Warehouse activity profile
The goal is to find patterns within the customer orders and then tune warehouse processes
to be a more efficient match for these patterns. Customer orders are available to us from
a sales history. This is extremely valuable information and companies are understandably
reluctant to share it.
We must be able to guarantee protection. This can include asking specifically that No
financial information be shared — we do not need it since our concerns are operational
— and that product descriptions can be omitted if necessary.
Plan for data transfer
Client will prepare two files:
- sales.txt, which lists all customer orders picked on during the recent past,
preferably the last year.
- skus.txt, which describes the stock-keeping units shipped from this warehouse.
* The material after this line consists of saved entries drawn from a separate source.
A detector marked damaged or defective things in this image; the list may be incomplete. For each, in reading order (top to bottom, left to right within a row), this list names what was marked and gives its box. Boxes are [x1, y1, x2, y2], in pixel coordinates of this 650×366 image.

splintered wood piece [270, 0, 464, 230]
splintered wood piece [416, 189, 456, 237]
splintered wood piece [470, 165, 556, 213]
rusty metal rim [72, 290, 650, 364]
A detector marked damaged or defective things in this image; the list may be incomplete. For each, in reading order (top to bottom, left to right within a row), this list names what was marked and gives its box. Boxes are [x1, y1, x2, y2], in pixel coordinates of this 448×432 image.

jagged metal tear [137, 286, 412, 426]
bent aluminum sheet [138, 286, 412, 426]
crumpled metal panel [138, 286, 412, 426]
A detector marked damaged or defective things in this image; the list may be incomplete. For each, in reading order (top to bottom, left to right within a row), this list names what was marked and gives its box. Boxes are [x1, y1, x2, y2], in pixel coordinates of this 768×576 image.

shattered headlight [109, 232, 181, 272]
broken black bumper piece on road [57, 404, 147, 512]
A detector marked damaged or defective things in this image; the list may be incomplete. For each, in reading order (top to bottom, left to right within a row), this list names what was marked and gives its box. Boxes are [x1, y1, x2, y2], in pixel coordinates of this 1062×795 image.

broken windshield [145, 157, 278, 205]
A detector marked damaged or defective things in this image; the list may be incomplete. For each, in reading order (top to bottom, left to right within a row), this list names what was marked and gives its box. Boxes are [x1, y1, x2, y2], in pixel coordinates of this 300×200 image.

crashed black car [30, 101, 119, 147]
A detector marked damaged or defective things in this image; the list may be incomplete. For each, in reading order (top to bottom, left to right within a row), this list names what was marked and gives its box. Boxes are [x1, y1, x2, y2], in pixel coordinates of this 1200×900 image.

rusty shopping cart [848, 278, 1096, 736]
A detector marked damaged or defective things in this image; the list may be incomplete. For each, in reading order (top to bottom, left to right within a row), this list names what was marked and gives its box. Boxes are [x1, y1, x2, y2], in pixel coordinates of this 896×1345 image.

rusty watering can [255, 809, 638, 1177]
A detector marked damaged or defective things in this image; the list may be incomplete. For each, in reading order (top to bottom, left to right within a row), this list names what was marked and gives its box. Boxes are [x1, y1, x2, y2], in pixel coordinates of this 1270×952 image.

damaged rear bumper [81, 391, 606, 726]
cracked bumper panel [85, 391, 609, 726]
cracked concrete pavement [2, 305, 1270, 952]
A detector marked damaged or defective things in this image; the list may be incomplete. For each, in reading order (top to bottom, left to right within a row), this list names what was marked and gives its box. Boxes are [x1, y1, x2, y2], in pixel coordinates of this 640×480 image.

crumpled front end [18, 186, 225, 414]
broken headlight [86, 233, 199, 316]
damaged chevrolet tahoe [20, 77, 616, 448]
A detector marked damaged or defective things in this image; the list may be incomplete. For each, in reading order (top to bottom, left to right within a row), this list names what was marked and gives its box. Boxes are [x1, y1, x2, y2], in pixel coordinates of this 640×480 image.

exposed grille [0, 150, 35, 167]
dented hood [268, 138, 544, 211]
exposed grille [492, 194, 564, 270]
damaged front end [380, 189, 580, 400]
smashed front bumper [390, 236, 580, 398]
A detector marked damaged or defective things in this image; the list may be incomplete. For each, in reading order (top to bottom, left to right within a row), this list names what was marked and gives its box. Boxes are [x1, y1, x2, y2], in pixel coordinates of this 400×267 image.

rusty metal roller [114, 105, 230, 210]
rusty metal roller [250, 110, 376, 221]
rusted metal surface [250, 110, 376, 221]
The files will be prepared in two stages: First, skus.txt together with one
week’s worth of sales.txt, which we will validate and then return a summary to
the client. (One week’s data is small enough to be easily handled. For example, it will be
viewable by a spreadsheet program, while the full data set may not be.)
Then the client prepares the full files (all SKUs and all lines). We will
then validate the full files and return an exception report.
Structure of data files
- Format: ASCII text
- Field delimiter: a single Tab character
- Record delimiter: end-of-line
- Which convention? Cr (unix)? CrLf (Microsoft)? Lf (Apple)?
- No missing (empty) fields unless meaning agreed upon in advance
- Date format: YYYYMMDD
- Records of lines.txt sorted by date and, within date, by order
number so the lines of each order are consecutive.
Data
Description of customer orders
- Unique order number
- Pick date
- Unique SKU identifier
- Quantity ordered
- Quantity shipped
Description of SKUs
- Unique SKU identifier
- Is this case sensitive?
- Does it encode any special information?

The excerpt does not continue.